Tuesday, May 31, 2011

Is Euthanasia the Answer?

I was planning to post about a dog I've been working with who has come a long way in a short amount of time.  In a way, I'm still posting about that.  But it seems that this dog may now be out of time.

Duke is a 7 year old Great Dane.  Last year, his owners were moved into assisted living by their family, as both suffered from Dementia and Alzheimers.  Duke moved in with a relative's family, who have 3 children over 13 and an old lab.  It became immediately apparently that Duke was different; he used to be goofy and loving, even if he didn't like having his paws touched.  Now, he is skiddish, nervous, and underweight.  A little bit of investigation revealed that the elderly man who had once brought Duke on daily car rides, began to beat the dog when he wouldn't eat, or when Duke barked.  He didn't realize what he was doing to Duke, or that Coke and chips was not a replacement for dog food.  Duke stopped going on car rides and on walks, and he started snapping to defend himself.

This happened over a several month period, before Duke came to live with the Smith's (obviously not their real name).  The Duke that came to live with them was quick to bite, never wanted to eat in front of people, and barked at the smallest noise.  Over 8 months, the Smith's gave Duke space and fair warning before handling him, and he slowly came around.  Danes are sensitive dogs, and are not nearly as quick to forgive as your average pit bull.

About a month ago, the Smith's youngest daughter approached Duke while he was laying on the couch, and pulled out a camera to take his picture.  Duke lunged and bit her arm, just once, before running away.  He didn't break skin, but left a major bruise and a psychological scar that wouldn't heal.  That's when they called me- their daughter was afraid of dogs prior to this, and now she wouldn't be in the same room as Duke.

One thing that concerned me was that Duke wasn't getting walked.  He was too strong and impulsive, and would run when on a leash at the nearest dog, mailbox, or parked car and go nuts, pulling even a grown man to the ground.  So I spent some time getting Duke used to a Halti, all the while building up his confidence that I was nothing but fun and games and predictability.  Shortly, Duke fell in love with me.  We played training games and went for walks and he learned that ignoring the barking dog was less stressful than the barky-lungy routine.

I was very impressed with Duke's progress.  His family reported that he was playful and attention seeking and seemed like a normal dog.  As a trainer, a "normal dog" can be translated as success.  I was proud of Duke, and continued to come by each week to walk him and spoil him with treats for tricks.  I brought Skye to meet him, and he was like a puppy- play bowing and bouncing around her like the goofy dog he had become.

This is the end of the post I would have written yesterday.  I'll mark it with a happy picture:

Today I brought Parker and Skye to attempt a walk with the three of them, and to see how Duke felt about small dogs.  When I arrived, Mrs.

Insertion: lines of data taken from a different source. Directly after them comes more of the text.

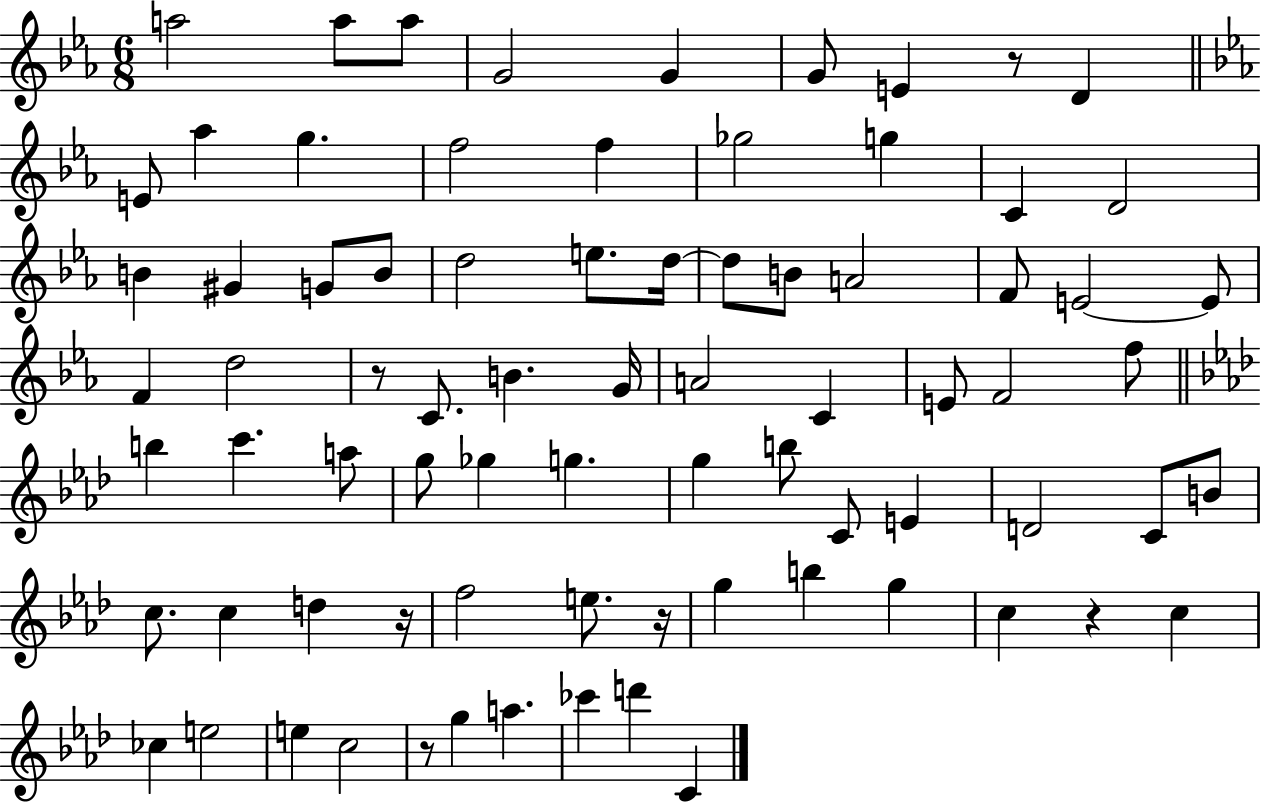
A5/h A5/e A5/e G4/h G4/q G4/e E4/q R/e D4/q E4/e Ab5/q G5/q. F5/h F5/q Gb5/h G5/q C4/q D4/h B4/q G#4/q G4/e B4/e D5/h E5/e. D5/s D5/e B4/e A4/h F4/e E4/h E4/e F4/q D5/h R/e C4/e. B4/q. G4/s A4/h C4/q E4/e F4/h F5/e B5/q C6/q. A5/e G5/e Gb5/q G5/q. G5/q B5/e C4/e E4/q D4/h C4/e B4/e C5/e. C5/q D5/q R/s F5/h E5/e. R/s G5/q B5/q G5/q C5/q R/q C5/q CES5/q E5/h E5/q C5/h R/e G5/q A5/q. CES6/q D6/q C4/q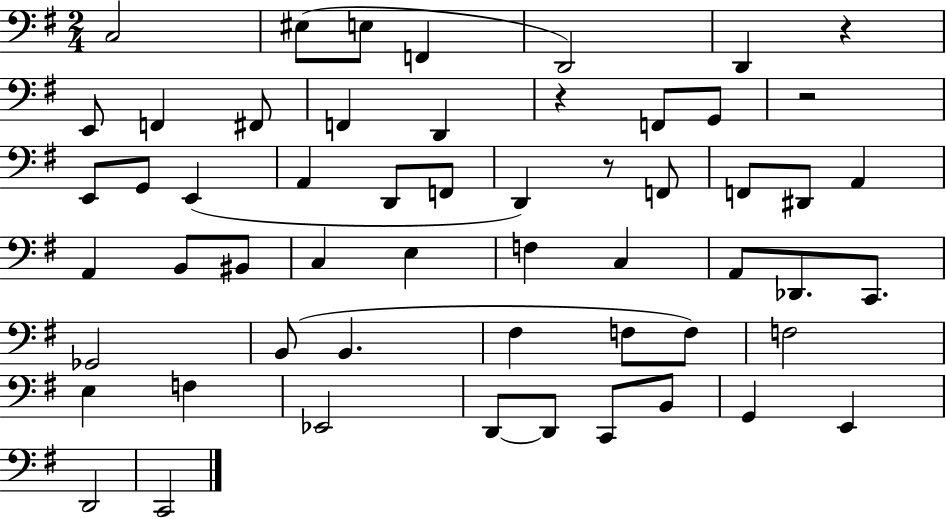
X:1
T:Untitled
M:2/4
L:1/4
K:G
C,2 ^E,/2 E,/2 F,, D,,2 D,, z E,,/2 F,, ^F,,/2 F,, D,, z F,,/2 G,,/2 z2 E,,/2 G,,/2 E,, A,, D,,/2 F,,/2 D,, z/2 F,,/2 F,,/2 ^D,,/2 A,, A,, B,,/2 ^B,,/2 C, E, F, C, A,,/2 _D,,/2 C,,/2 _G,,2 B,,/2 B,, ^F, F,/2 F,/2 F,2 E, F, _E,,2 D,,/2 D,,/2 C,,/2 B,,/2 G,, E,, D,,2 C,,2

Smith was crying (I took this as a bad sign).  Duke hadn't been eating, and vomited a few times.  He generally seemed to not feel all that well, and was sleeping a lot.  While she was gone doing errands, her son and his girlfriend came home.  Joe fell asleep on the couch, and Jane noticed that Duke seemed a little off.  She decided to cuddle with him to make him feel better, and went to find him.  Her attempt at a soothing stroke of his head woke Duke out of his slumber, and he bit her twice on her arm and once on her side as she turned away.

It would be easy to say it was Jane's fault, and that was certainly my first reaction.  Jane has known Duke for 6 months, and isn't ignorant about his issues, but fell into the dangerous pattern of thought that fearful dogs are just like other dogs.  Other dogs enjoy a comforting pat when they're under the weather; fearful dogs have less tolerance of uncomfortable situations.  But in reality, in a house with as many teenagers in and out at the Smith's, another bite was inevitable.  The problem is, where to go from here?

There is a 10 day quarantine for any dog bite, so that is how much time I have to find a solution.  The family has resigned itself to putting Duke to sleep, as they cannot imagine anyone wanting him.  I'm still torn- I've seen Duke be a dog that I would want myself, and I think with a more stable home environment that dog can fully emerge.  I've e-mailed two local rescues, even offering to foster him myself until an adoptive home is found.  But I'll be the first person to admit that euthanasia is sometimes the answer.  Some dogs will suffer more by being shuffled from home to home; some behavior problems cannot be reversed; sometimes genetics plays too strong a role.

But in Duke's case? He is 7 years old- another 3 years would be a stretch for his life span.  He has no health problems, but his behavior problems could become worse with a new family.  It took a long time for him to trust the Smiths.  It took him 2 meetings to trust me.  I challenged him in many stressful situations, and he never showed aggression toward me.  Is it worth the risk?  Or can we comfort ourselves with the thought that Duke is now living a peaceful existence.  He isn't in a constant state of fear and confusion- he's happy.  Perhaps euthanasia now is better than waiting another 6 months or a year for something else to happen.  Maybe I should keep him.  Maybe maybe maybe.  I'll let you know.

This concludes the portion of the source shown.